Nearly 15,000 South Korean and U.S. troops kicked off a 12-day amphibious landing drill Thursday, the largest for two decades, a day after North Korea launched two mid-range ballistic missiles.
Code-named Ssang Yong ("Twin Dragons"), the exercise on the South's southeastern coast will last until April 7 and involve around 10,000 U.S. troops.
"The scale of this year's Ssang Yong is greater than any others in the past," a U.S. military spokesman told Agence France Presse.
The U.S. forces will include 7,500 marines belonging to the 3rd Marine Expeditionary Brigade, based in Okinawa, Japan.
Yonhap news agency said 3,500 Marines and 1,000 Navy sailors would take part from South Korea.
It will be the largest joint marine drill of its kind since the annual Team Spirit exercises held between 1976 and 1993.
North Korea views such exercises as provocative rehearsals for invasion and there is a risk they could further fuel already simmering military tensions.
Pyongyang has carried out a series of rocket and short-range missile launches in recent weeks, sparking condemnation from Seoul and Washington.

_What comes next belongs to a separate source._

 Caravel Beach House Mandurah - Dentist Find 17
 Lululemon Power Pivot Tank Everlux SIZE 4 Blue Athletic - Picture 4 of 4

On Wednesday, it upped the ante by test-firing two mid-range ballistic missiles capable of striking Japan.
United Nations resolutions prohibit North Korea from conducting ballistic missile tests and the U.N. Security Council was set to hold closed-door consultations Thursday to discuss a possible condemnation of the latest missile launches.
There are nearly 30,000 U.S. troops permanently stationed in South Korea and the two countries stage annual military drills that are routinely condemned by Pyongyang.
Earlier this month, the North's powerful National Defense Commission threatened to "demonstrate" its nuclear deterrent in the face of what it called U.S. hostility.
Seoul's defense ministry warned Wednesday that North Korea could be building up towards a major provocation, but added there were "no signs" of Pyongyang preparing an imminent nuclear test.
North Korea has staged three nuclear tests in 2006, 2009 and 2013.